Review: A Triumphant JERSEY BOYS Debuts at the La Mirada Theatre
The cast of JERSEY BOYS at La Mirada Theatre.
Photo by Jason Niedle.

And, finally, playing multiple small but memorable roles throughout the show, the infectiously joyful Michael Ray Fisher effectively steals the show with each ham-tastic appearance, showcasing a knack for making individual minor characters stand out from the rest (I basically smiled and giggled every time he came on stage to play someone else), and proving the adage that there are indeed no small parts for someone with such a huge personality. The big bonus surprise comes during the closing number where Fisher is given the spotlight to wail some amazing stratospherically high vocal riffs that almost tore the roof off of the place. Bravo, sir! Consider me one of your newest fans.
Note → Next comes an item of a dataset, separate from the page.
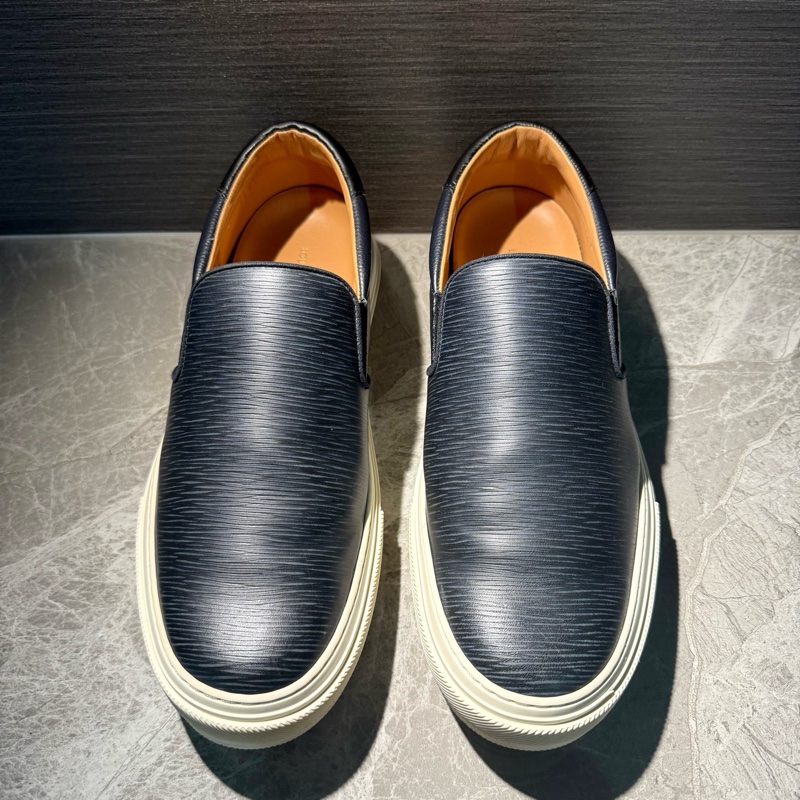 Louis Vuitton路易威登黑色皮面水波紋男鞋41碼 97新-1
But, of course, audiences most likely came to see this production of JERSEY BOYS to hear the hits—and this show, naturally, delivers.

The songs of The Four Seasons is the piercing core of the musical, and they shine brightly throughout the production, especially as performed by this incredible cast. The catchy tunes and memorable lyrics definitely satiate people's cravings for this kind of nostalgia, transporting audiences back to the heyday of 1960s/1970s pop music that these boys help put on the charts.

While most traditional musicals integrate songs as extensions of dialogue and story to advance the plot or illuminate characters' inner feelings and emotions, here, the songs serve as mostly timeline guideposts, which still works for me in moving the action forward (a few songs do get their moments as punctuations to significant events that happen in the story, but I won't spoil them here).

Standout performances of classic hits like "Sherry," "Big Girls Don't Cry," "Walk Like A Man," "December, 1963 (Oh What A Night!)," and "Can't Take My Eyes Off You" definitely leave a lasting impression. In the hands of this production's orchestra and ensemble cast, the songs are as lively as ever.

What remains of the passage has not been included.